# Tutorial 14 - Scatter Plots with `pandas`

The purpose of this tutorial is to demonstrate the `pandas` built-in functionality for creating scatter plots.

The financial task we will accomplish is demonstrating SPY's *implied leverage effect*:  when the market suffers losses, implied volatilty increases; when the market experiences gains, implied volatility decreases.

Our measure of SPY implied volatility will be the VIX index.  To verify the above relationship, we will plot SPY daily returns against daily changes in the VIX for 2014-2018.

### Loading Packages

Let's begin by loading the packages we will need.

In [None]:
##> import numpy as np
##> import pandas as pd
##> %matplotlib inline




### Wrangling SPY Data

Next, let's read in the SPY price data from 2014-2018:

In [None]:
##> df_spy = pd.read_csv('../data/spy_2014_2018.csv')
##> df_spy.head()




Next, we refactor the `date` column as a `dtype` of `datetime`.

In [None]:
##> df_spy['date'] = pd.to_datetime(df_spy['date'])

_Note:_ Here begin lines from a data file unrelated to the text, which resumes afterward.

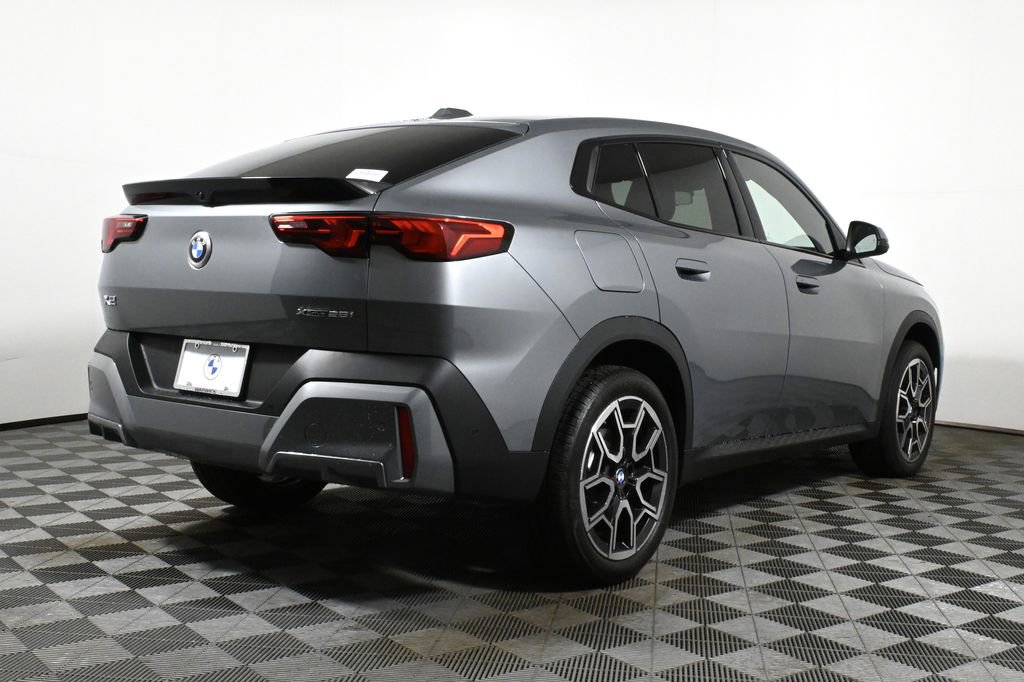 Certified 2025 BMW X2 xDrive28i w/ Technology Package image 7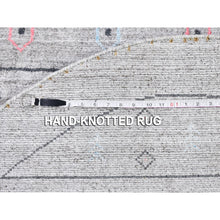 Load image into Gallery viewer, 4&#39;1&quot;x4&#39;1&quot; Gray Wool and Silk Hand Loomed Gabbeh Round Oriental Rug FWR359796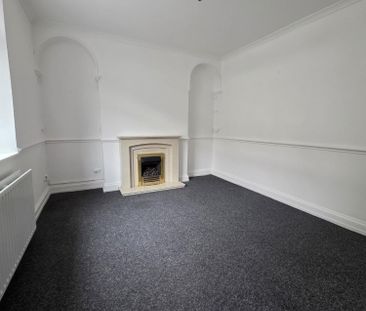 2 bedroom House To Let Total Size: 948 SQ FT - Photo 1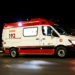 Equipes do Samu-RJ passam por treinamento especializado para atendimento de casos suspeitos de ebola. Medida preventiva inclui ambulâncias adaptadas e protocolos de biossegurança.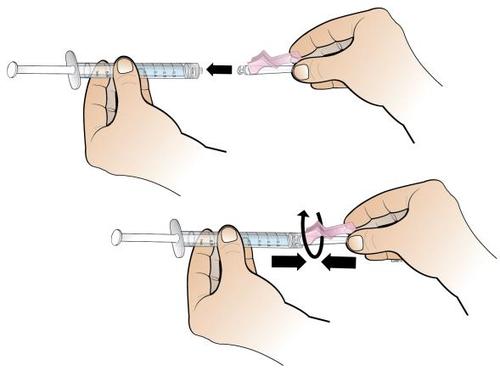Mani che preparano e utilizzano una siringa preriempita, rimuovendo il cappuccio protettivo e iniettando il farmaco con movimento rotatorio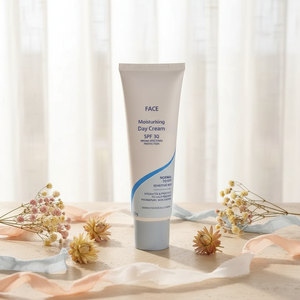 Qov <span class=keywords><strong>Crema</strong></span> Solare Idratante Giorno 125g SPF <span class=keywords><strong>30</strong></span>+ con Vitamina B3, Protegge la Pelle dai Raggi UV, Rinfrescante - Product Image 3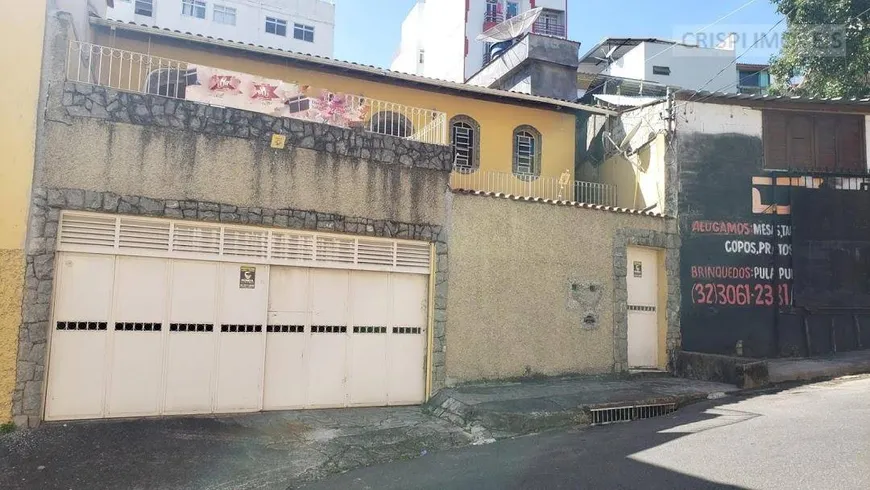 Foto 1 de Casa com 4 Quartos à venda, 250m² em Passos, Juiz de Fora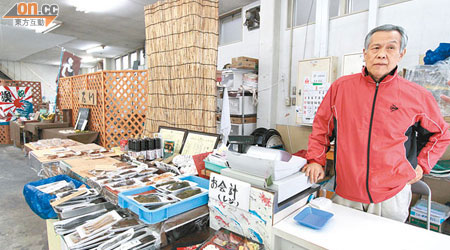 佐佐木將海產供應生意轉型為經營食店，為居民提供廉價美食。
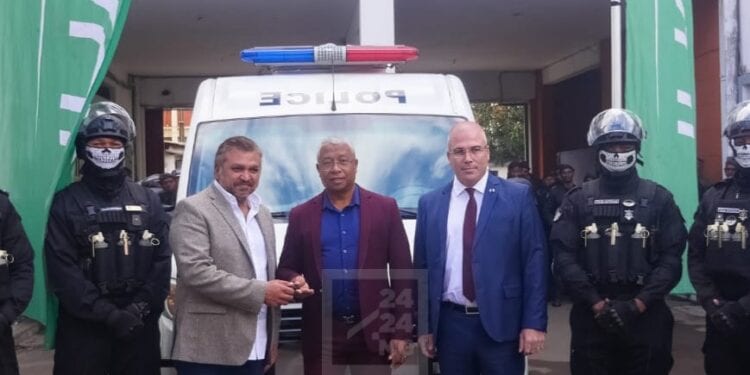 La police nationale dotée d’imperméables par Vigie et de voiture blindée par Inviso Group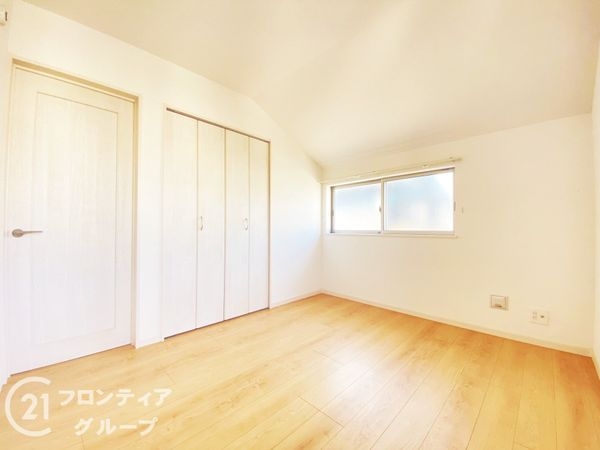 枚方市養父東町の中古一戸建て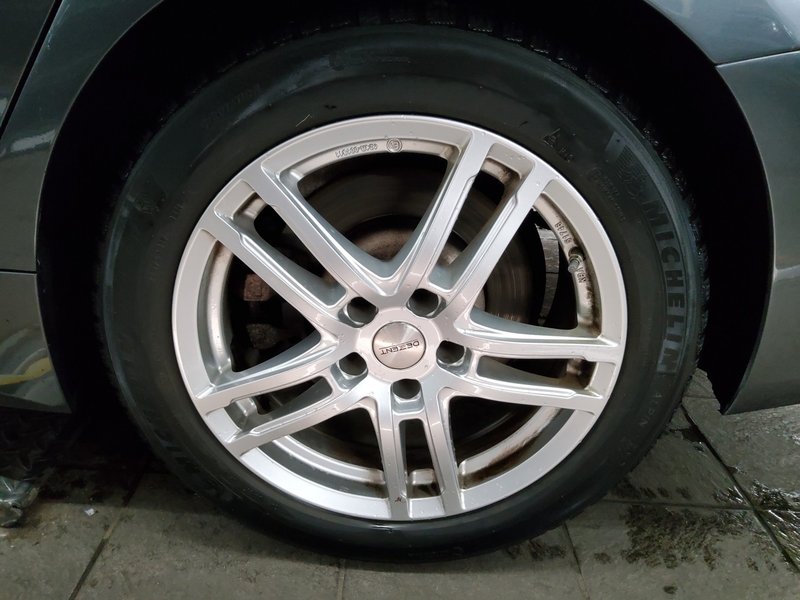 BMW 330i Touring Advantage automatik • ACC • LED — 10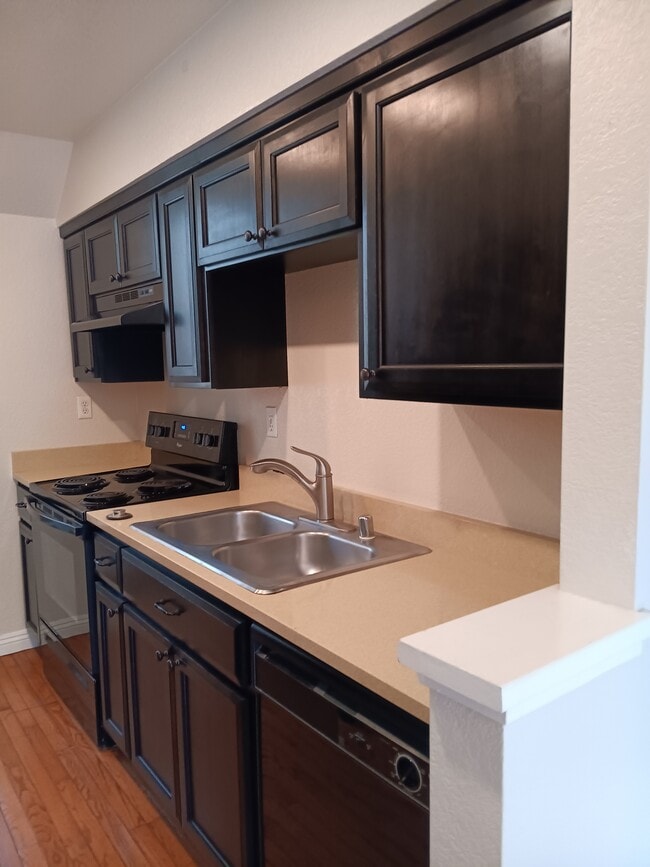 Kitchen - 1964 Windmill Cir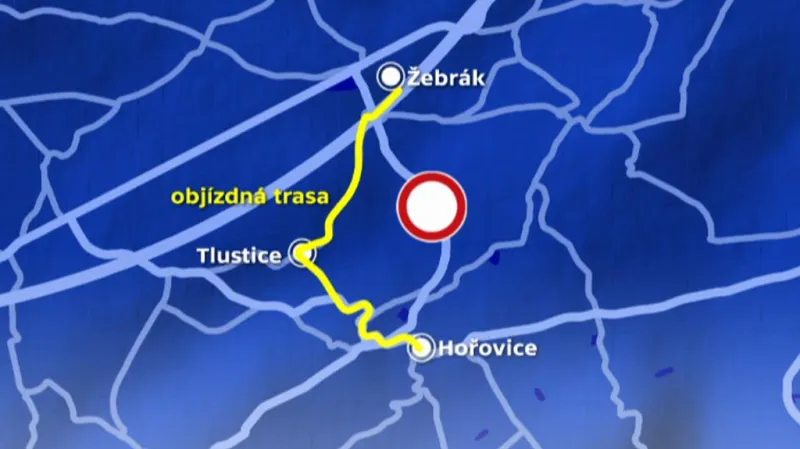 Objížďka přes obec Tlustice na Berounsku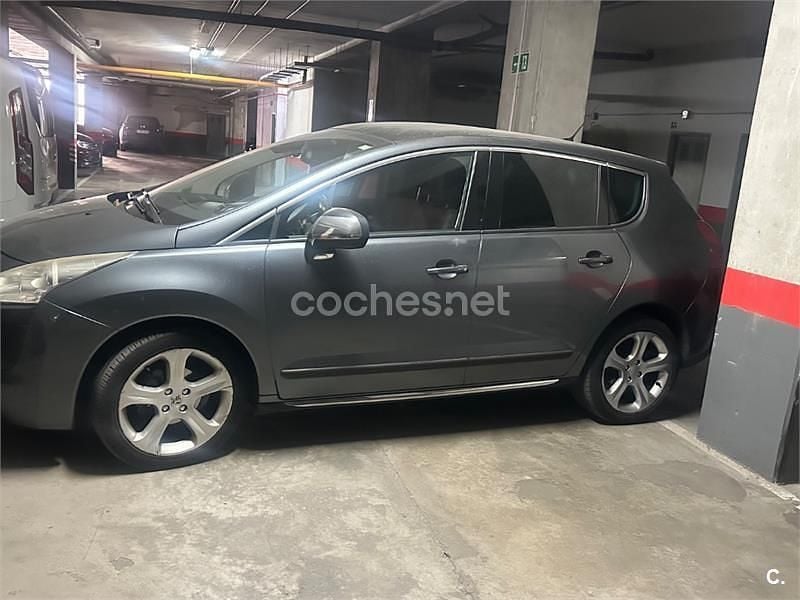 Gris / plata Usado 2011 Peugeot 3008 Sport Berlina | 6000 € (Buen precio) - Imagen 1/4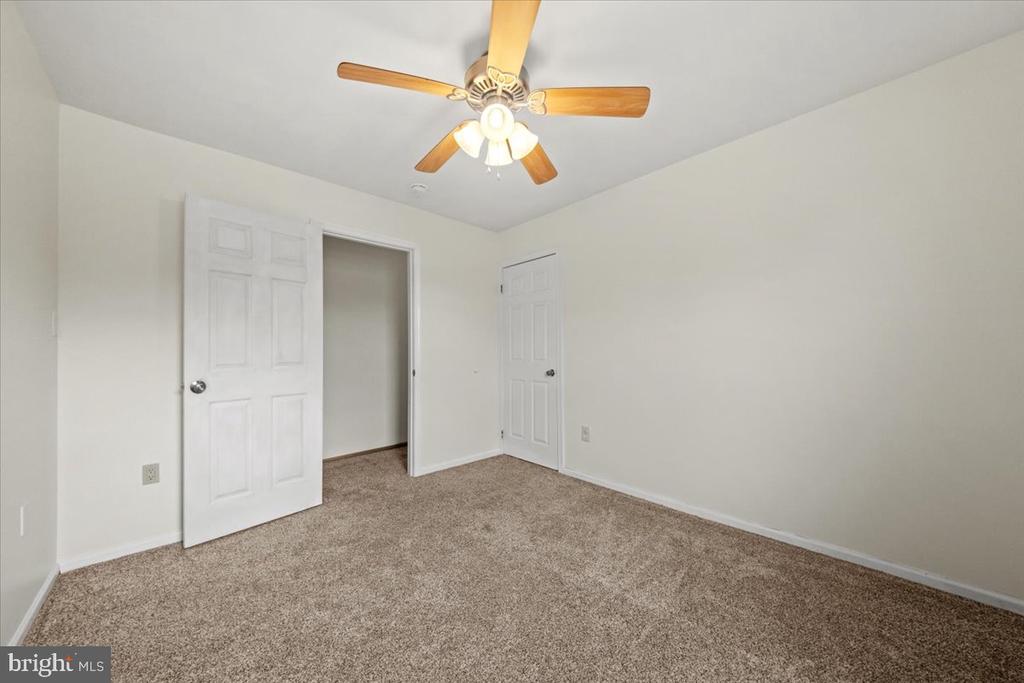4 MAYVILLE LANE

Finally, let's calculate the daily log-returns from the `adjusted` prices:

In [None]:
##> df_spy['return'] = np.log(df_spy['adjusted']).diff()
##> df_spy.head()




### Wrangling VIX Data

The second data set that we are going to need is the VIX data from 2014-2018:

In [None]:
##> df_vix_all = pd.read_csv('../data/vix_2014_2018.csv')
##> df_vix_all.head()




We only want the `date` and the `close` columns, so let's create a new `DataFrame` by copying these two columns.

In [None]:
##> df_vix = df_vix_all[['date', 'close']].copy()
##> df_vix.head()




**Knowledge Challenge:** What is the difference between using `.copy()` and not using `.copy()` in the code above?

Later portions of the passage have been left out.